[Activity]
Leave the pictures out, and print everything else in the records exactly.

[Records shown]
--- START ---
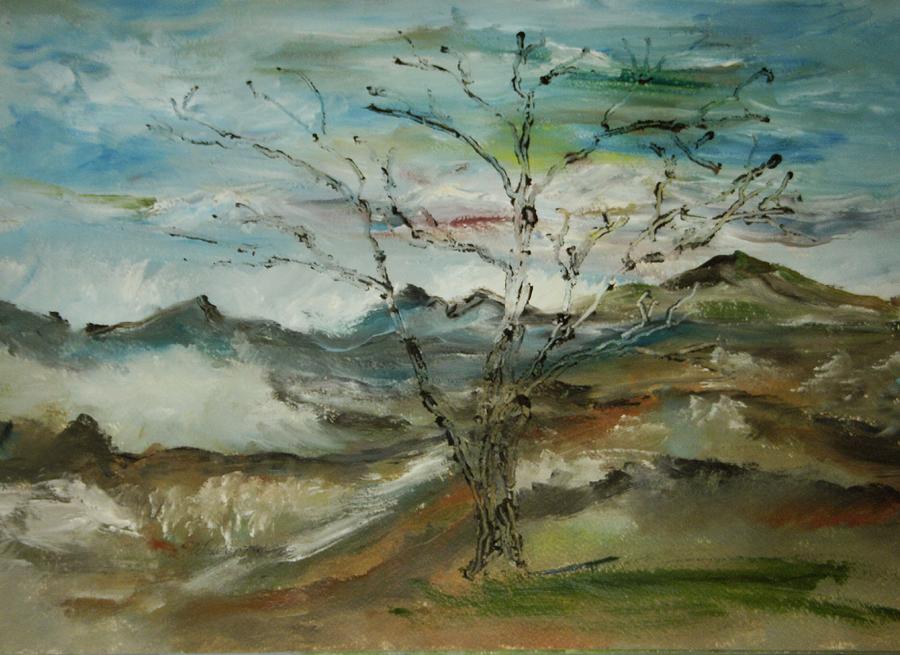 The Tree On Top Of A Mountain Painting by Edward Wolverton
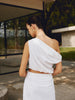 Anja | Asymmetrische Bluse aus Baumwolle und Leinen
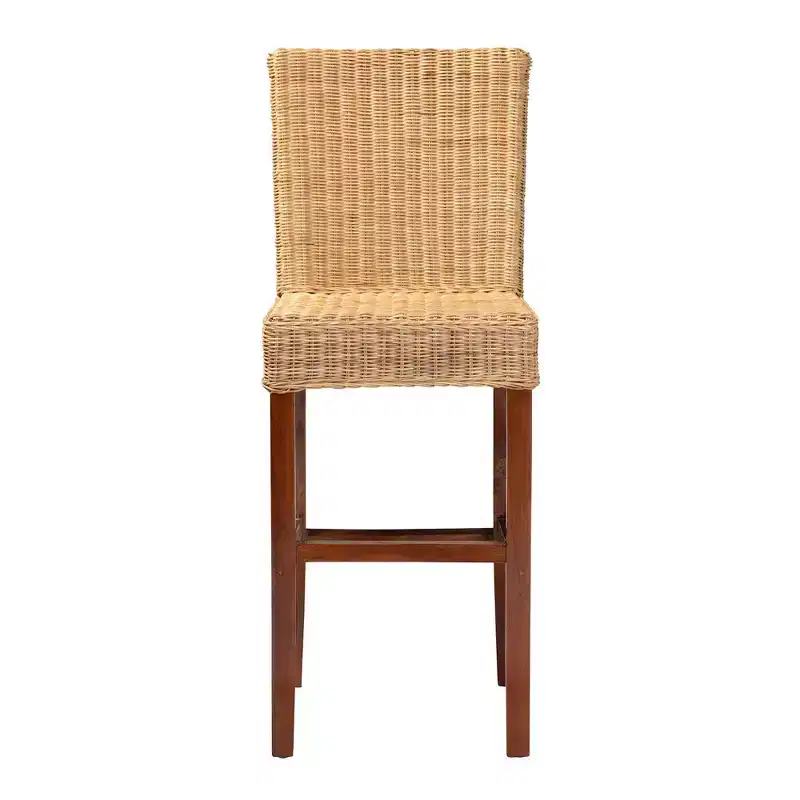 Natural Rattan & Mahogany Wood Barstool, Ergonomic, No Assembly Required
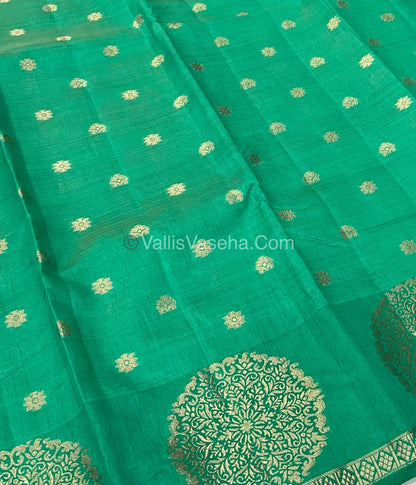 Semi Tussar Silk Saree -Sea Green shade - VVSTS035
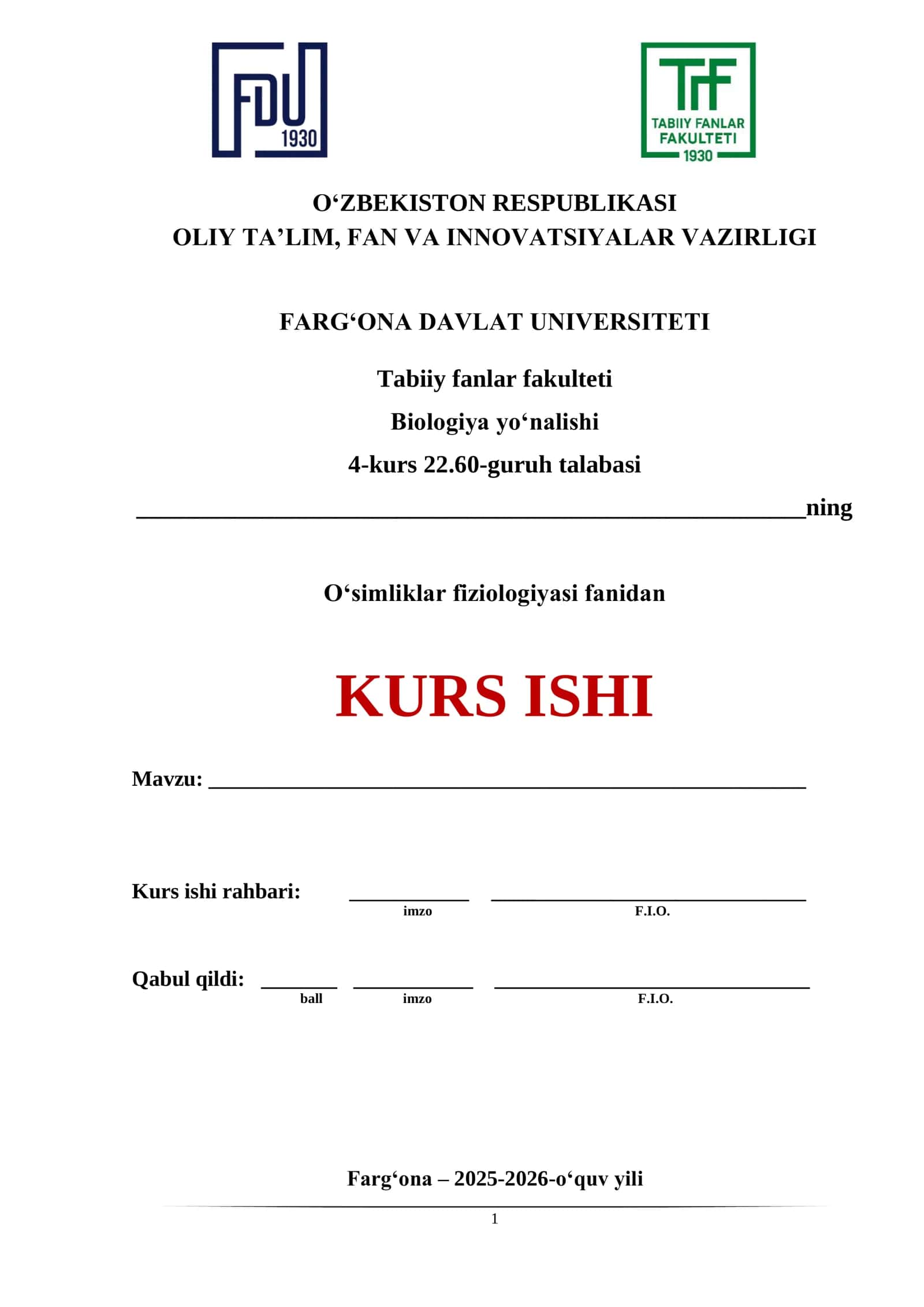 Fiziologik kasalliklarning umumiy tavsifi 1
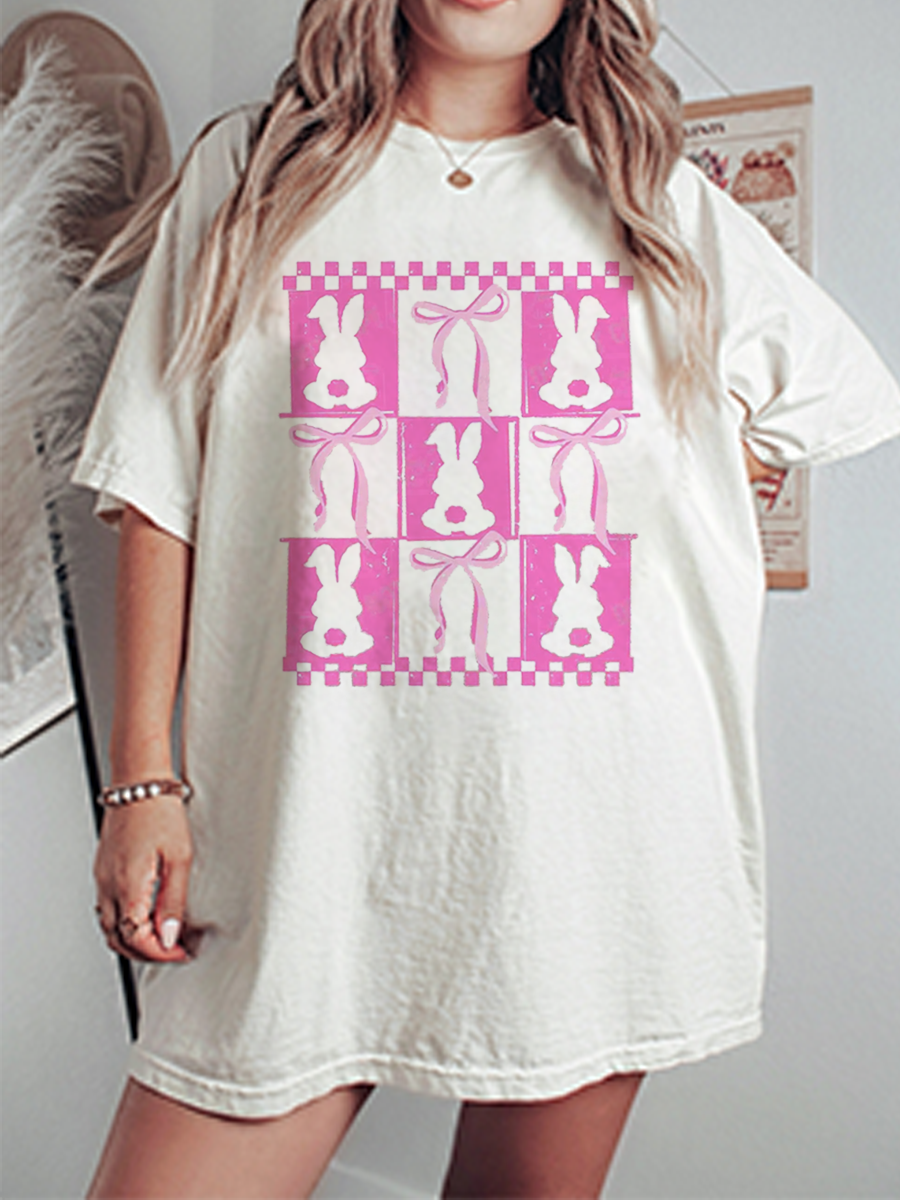 Vintage Checkered Easter Coquette Oversize Graphic Tee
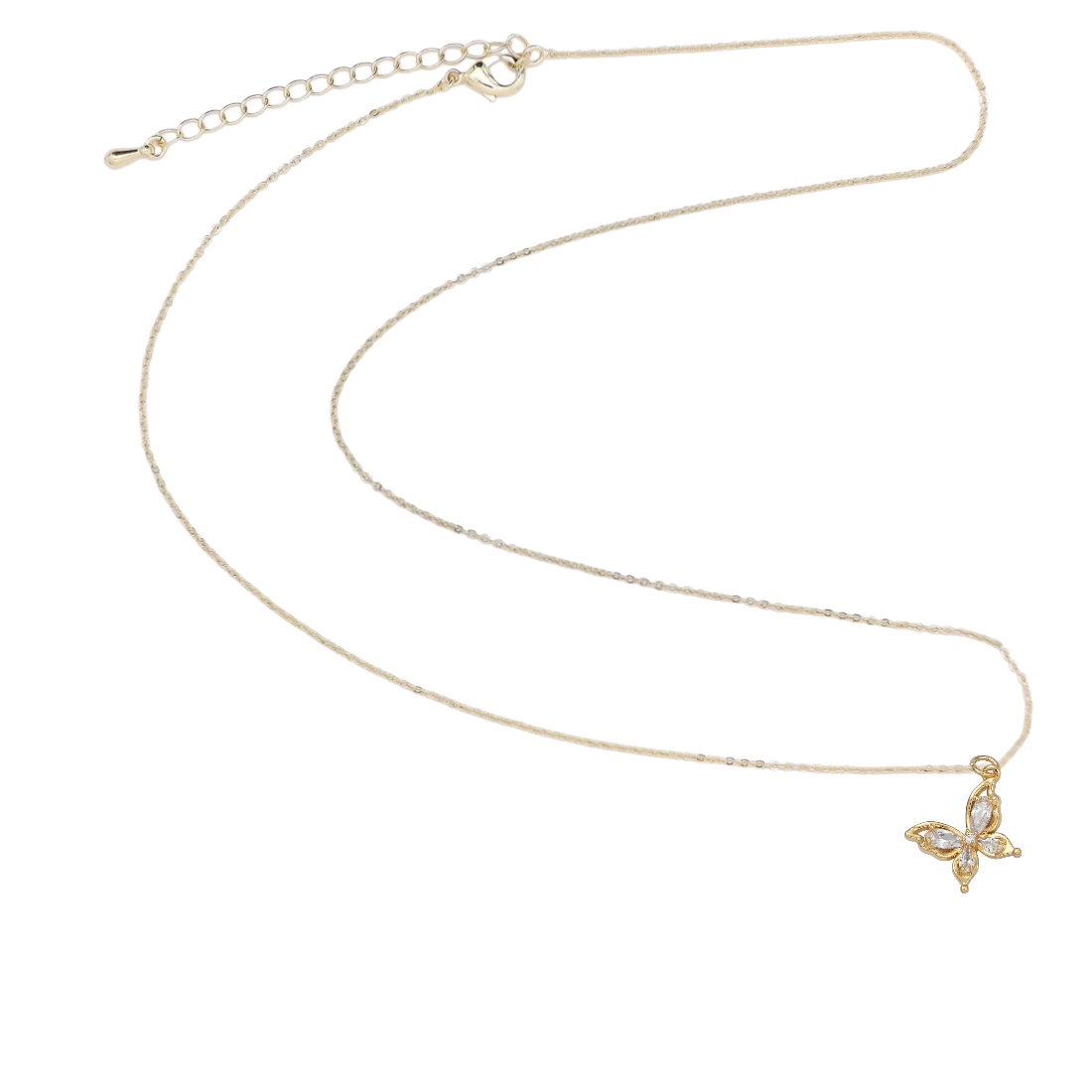 Minimalist Cable Chain Necklace with small CZ butterfly pendant NC-SJ2205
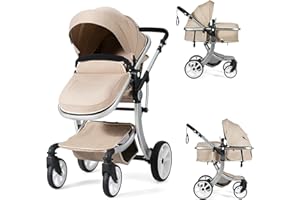 Honey Joy Baby Stroller, High Landscape Convertible Infant Bassinet Stroller, Adjustable Canopy & Backrest, Storage Basket, Foot Cover, Foldable Newborn Carriage Pram Stroller (Beige)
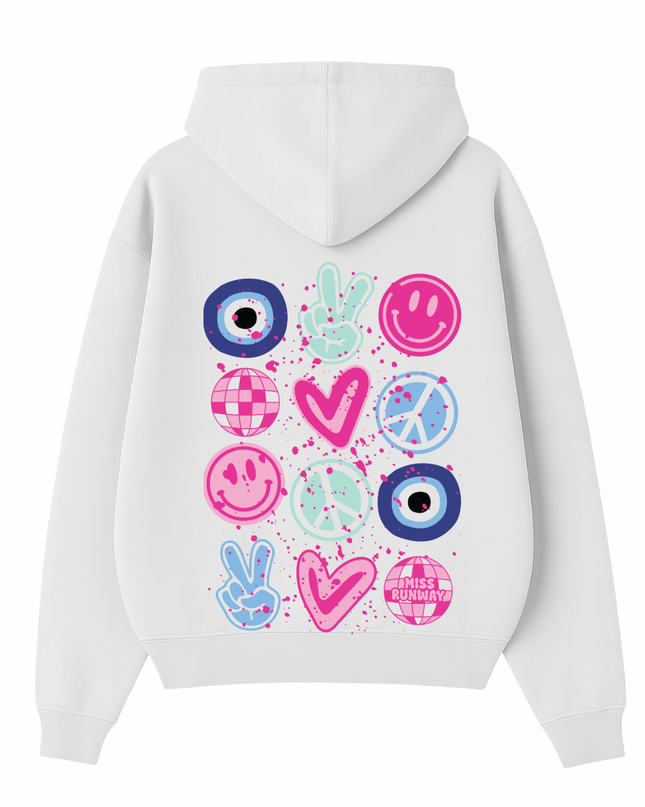 Evil Eye, Fingers, Smiley Printed Hoodie Kids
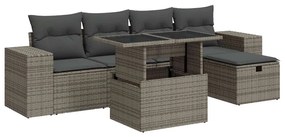 6 részes szürke polyrattan kerti ülőgarnitúra párnákkal
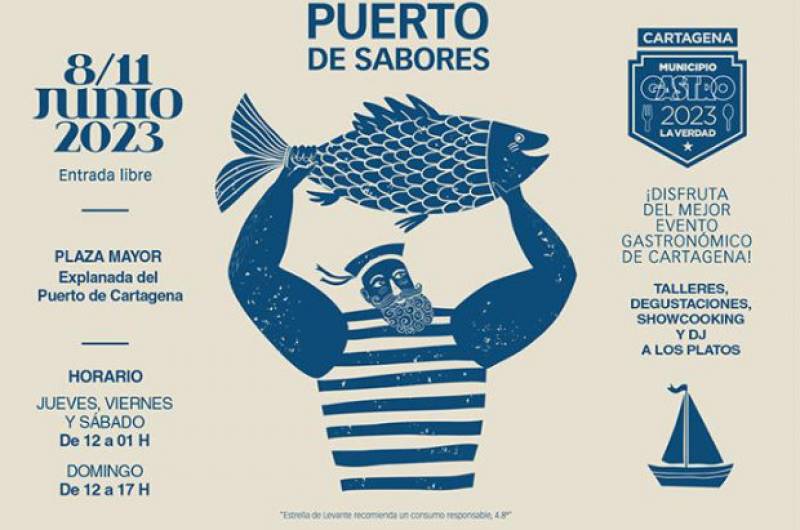 June 8 to 11 Annual Puerto de Sabores tapas and gastronomy fair on the seafront in Cartagena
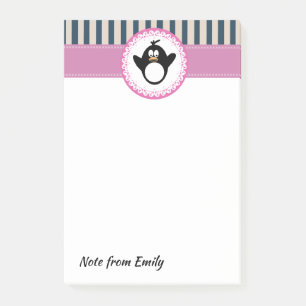 Trendy cute girly cartoon funny penguin post-it notes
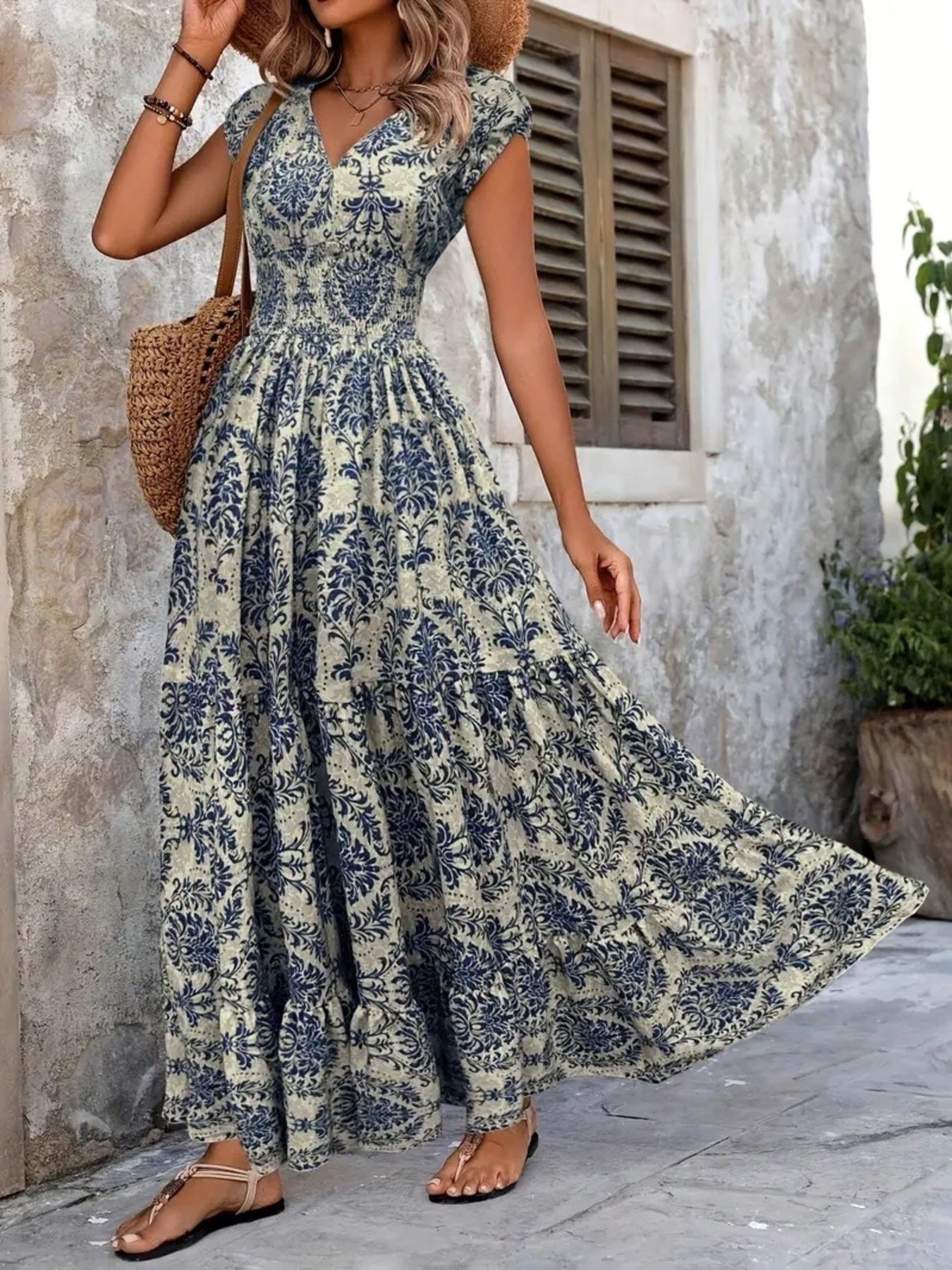 Printed Cap Sleeve Maxi Dress - cas7m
--- END ---
[Task response]
 The Tree On Top Of A Mountain Painting by Edward Wolverton
 Anja | Asymmetrische Bluse aus Baumwolle und Leinen
 Natural Rattan & Mahogany Wood Barstool, Ergonomic, No Assembly Required
 Semi Tussar Silk Saree -Sea Green shade - VVSTS035
 Fiziologik kasalliklarning umumiy tavsifi 1
 Vintage Checkered Easter Coquette Oversize Graphic Tee
 Minimalist Cable Chain Necklace with small CZ butterfly pendant NC-SJ2205
 Honey Joy Baby Stroller, High Landscape Convertible Infant Bassinet Stroller, Adjustable Canopy & Backrest, Storage Basket, Foot Cover, Foldable Newborn Carriage Pram Stroller (Beige)
 Evil Eye, Fingers, Smiley Printed Hoodie Kids
 6 részes szürke polyrattan kerti ülőgarnitúra párnákkal
 June 8 to 11 Annual Puerto de Sabores tapas and gastronomy fair on the seafront in Cartagena
 Trendy cute girly cartoon funny penguin post-it notes
 Printed Cap Sleeve Maxi Dress - cas7m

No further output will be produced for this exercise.